The district court's reliance on Dhinsa is misplaced. The Supreme Court has stated that “the exemption from the need for probable cause (and warrant), which is accorded to searches made for the purpose of inventory or administrative regulation, is not accorded to searches that are not made for those purposes.” Whren v. United States, 517 U.S. 806, 811-12, 116 S.Ct. 1769, 135 L.Ed.2d 89 (1996). “[W]hile subjective intentions play no role in ordinary, probable-cause Fourth Amendment analysis, programmatic purposes may be relevant to the validity of Fourth Amendment intrusions undertaken pursuant to a general scheme without individualized suspicion.” City of Indianapolis v. Edmond, 531 U.S. 32, 121 S.Ct. 447, 455, 148 L.Ed.2d 333 (2000) (internal quotation marks and citation omitted). Here, because this was an administrative search, and not an “ordinary” search based on either individualized suspicion or probable cause, the purposes (and therefore scope) of the search are indeed relevant. See id. at 457.
In Burger, the Supreme Court recognized that a “State can address a major social problem both by way of an administrative scheme and through penal sanctions.” Burger, 482 U.S. at 712, 107 S.Ct. 2636. “The discovery of evidence of crimes in the course of an otherwise proper administrative inspection does not render that search illegal or the administrative scheme suspect.” Id. at 716, 107 S.Ct. 2636. The Supreme Court has acknowledged, however, that a search may be invalid if the administrative inspection was a “pretext” for obtaining evidence of general criminal activity. Id. at 716-17 n. 27, 107 S.Ct. 2636. In City of Indianapolis v. Edmond, the Supreme Court held unconstitutional an Indianapolis roadside checkpoint program whose primary purpose was narcotics detection, and this purpose was “ultimately indistinguishable from the general interest in crime control.” Edmond, 121 S.Ct. at 458. The Supreme Court rejected the city's argument that the program was justified by its “lawful secondary purposes of keeping impaired motorists off the road and verifying licenses and registrations.” Id. at 457. Because the city conceded that the primary purpose of the checkpoint program was narcotics detection, the Court expressed no view on “whether the State may establish a checkpoint program with the primary purpose of checking licenses or driver sobriety and a secondary purpose of interdicting narcotics.” Id. at 457 n. 2. The Supreme Court has not directly addressed the constitutionality of searches subject to a “mixed purpose,” where the primary purpose is legitimate and the secondary purpose is not.
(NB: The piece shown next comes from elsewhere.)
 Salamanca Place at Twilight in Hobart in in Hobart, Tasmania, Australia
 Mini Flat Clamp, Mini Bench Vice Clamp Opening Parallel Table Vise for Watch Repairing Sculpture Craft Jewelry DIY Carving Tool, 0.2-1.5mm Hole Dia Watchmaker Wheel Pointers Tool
The dormitory search was arguably such a “mixed purpose” search, whose scope was broader than that provided in the regulations. The purpose of the search of the dormitories at the Yonkers Raceway, as outlined in Leveson's memorandum, was “to find drugs, drug paraphanalia [sic] (needles, syringes, plastic packages or marijuana, cocaine, heroine [sic], etc.[,] pipes, mirrors or glass, straws for snorting lines of cocaine powder, crack-vials, etc.).” Leveson's memo also listed other purposes as well, including finding “other potentially dangerous items i.e. guns, long knives, shaving blades, etc.” and locating “unauthorized persons being harbored illegally in the rooms.”
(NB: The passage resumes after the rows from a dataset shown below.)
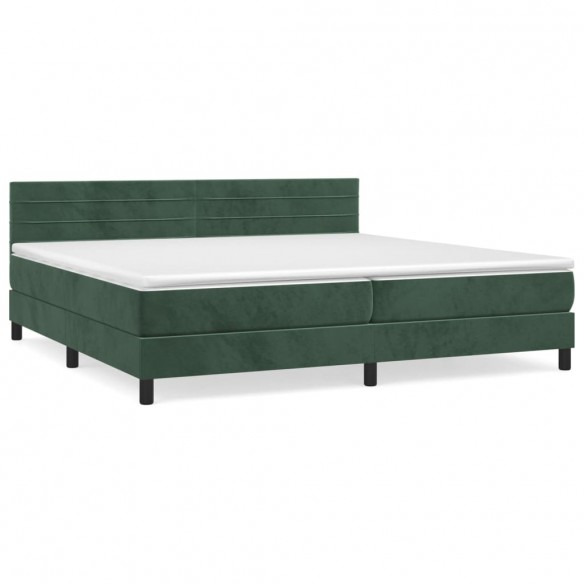 Cadre de lit et matelas Vert foncé 200x200cm Velours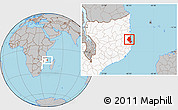 Gray Location Map of Memba, highlighted country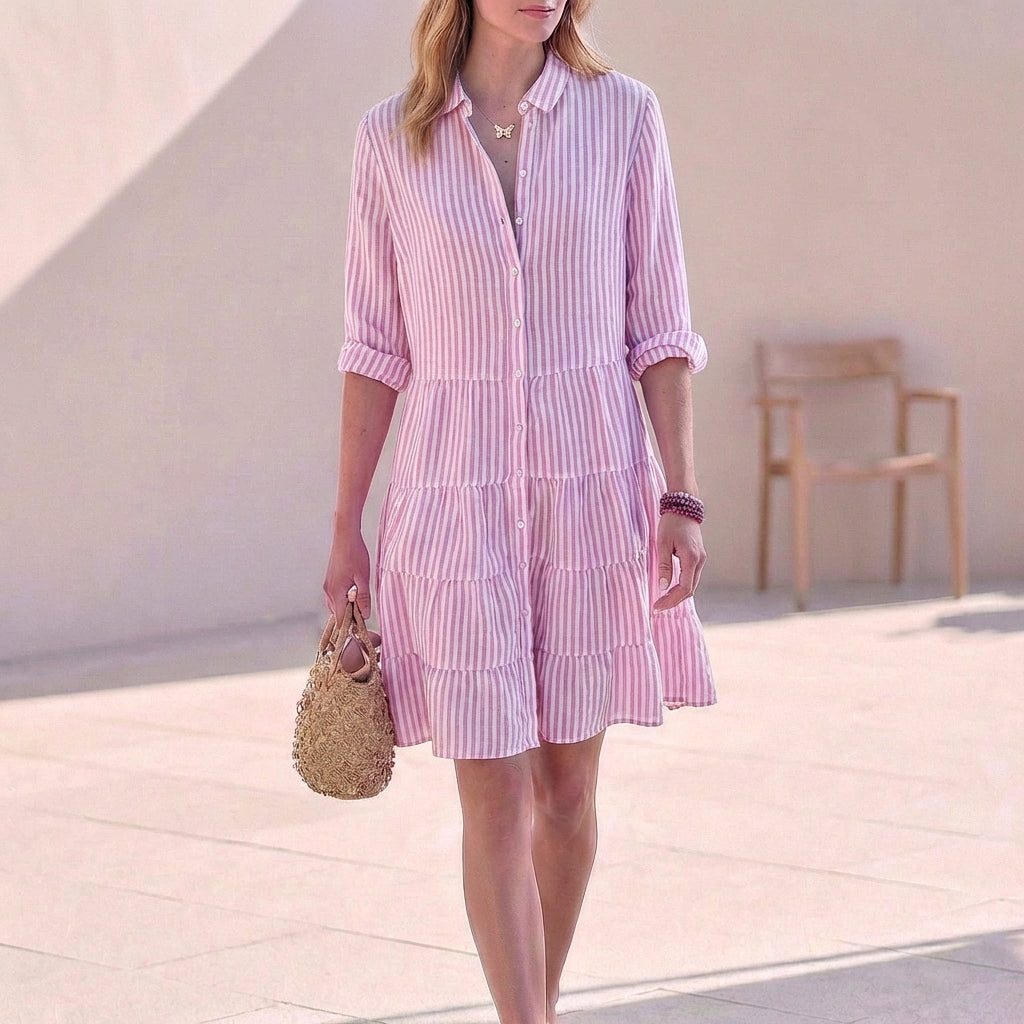 Abito camicia a righe per donne – Abito estivo leggero con bottoni e gonna a volant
Locating equine drugs and drug paraphernalia is certainly within the scope of the administrative searches contemplated by section 4120.6. The dormitory search instruction included, however, “other dangerous items” such as guns or knives and “unauthorized persons being harbored illegally in the rooms.” Section 4120.6 does not provide authority to conduct a search to uncover these things; indeed the title of section 4120.6 is “Possession of hypodermic equipment and controlled substances.”
Because we have already concluded that the dormitory search was unconstitutional, however, we need not decide whether this “mixed purpose” search exceeded a constitutionally allowable scope. Principles of judicial restraint caution us to avoid reaching constitutional questions when they are unnecessary to the disposition of a case. See Horne v. Coughlin, 191 F.3d 244, 246 (2d Cir.1999) (citing Supreme Court precedent).12 We therefore do not reach plaintiffs' alternative argument regarding the dormitory searches.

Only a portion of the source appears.